━━ Recorded data

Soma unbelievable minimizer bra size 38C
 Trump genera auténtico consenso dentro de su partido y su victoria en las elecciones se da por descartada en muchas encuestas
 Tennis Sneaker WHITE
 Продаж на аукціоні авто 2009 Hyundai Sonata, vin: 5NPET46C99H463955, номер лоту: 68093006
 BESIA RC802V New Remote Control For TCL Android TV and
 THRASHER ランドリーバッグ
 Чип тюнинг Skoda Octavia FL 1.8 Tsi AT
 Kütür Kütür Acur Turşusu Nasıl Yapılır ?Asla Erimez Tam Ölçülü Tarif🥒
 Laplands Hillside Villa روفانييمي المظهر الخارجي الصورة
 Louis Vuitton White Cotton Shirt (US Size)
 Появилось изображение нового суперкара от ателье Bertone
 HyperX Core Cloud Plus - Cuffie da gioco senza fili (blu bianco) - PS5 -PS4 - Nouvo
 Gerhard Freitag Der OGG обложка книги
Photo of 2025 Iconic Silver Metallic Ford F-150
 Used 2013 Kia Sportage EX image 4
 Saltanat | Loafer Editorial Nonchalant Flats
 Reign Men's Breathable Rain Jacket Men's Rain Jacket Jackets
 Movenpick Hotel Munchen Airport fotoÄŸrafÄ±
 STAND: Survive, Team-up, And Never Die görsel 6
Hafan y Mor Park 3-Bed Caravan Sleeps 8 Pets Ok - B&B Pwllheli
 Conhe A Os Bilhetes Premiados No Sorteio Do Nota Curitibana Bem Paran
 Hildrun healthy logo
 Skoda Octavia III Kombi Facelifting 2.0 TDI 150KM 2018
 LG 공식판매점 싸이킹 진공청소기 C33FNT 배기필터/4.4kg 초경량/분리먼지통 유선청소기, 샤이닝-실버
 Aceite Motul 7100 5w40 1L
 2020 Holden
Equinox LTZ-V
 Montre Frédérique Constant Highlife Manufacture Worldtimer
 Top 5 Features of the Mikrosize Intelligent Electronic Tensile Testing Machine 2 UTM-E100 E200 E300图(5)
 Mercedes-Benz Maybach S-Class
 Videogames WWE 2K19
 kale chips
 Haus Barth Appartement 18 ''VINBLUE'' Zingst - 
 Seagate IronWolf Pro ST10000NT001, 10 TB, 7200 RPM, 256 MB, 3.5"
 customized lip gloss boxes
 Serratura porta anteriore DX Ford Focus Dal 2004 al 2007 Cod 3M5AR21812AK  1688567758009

━━━━

*Exercise directions*. Using the data above, reproduce exactly the lines from the line that contains "Conhe A Os Bilhetes" through the line that contains "Seagate IronWolf Pro", including both.

*Answer*.
 Conhe A Os Bilhetes Premiados No Sorteio Do Nota Curitibana Bem Paran
 Hildrun healthy logo
 Skoda Octavia III Kombi Facelifting 2.0 TDI 150KM 2018
 LG 공식판매점 싸이킹 진공청소기 C33FNT 배기필터/4.4kg 초경량/분리먼지통 유선청소기, 샤이닝-실버
 Aceite Motul 7100 5w40 1L
 2020 Holden
Equinox LTZ-V
 Montre Frédérique Constant Highlife Manufacture Worldtimer
 Top 5 Features of the Mikrosize Intelligent Electronic Tensile Testing Machine 2 UTM-E100 E200 E300图(5)
 Mercedes-Benz Maybach S-Class
 Videogames WWE 2K19
 kale chips
 Haus Barth Appartement 18 ''VINBLUE'' Zingst - 
 Seagate IronWolf Pro ST10000NT001, 10 TB, 7200 RPM, 256 MB, 3.5"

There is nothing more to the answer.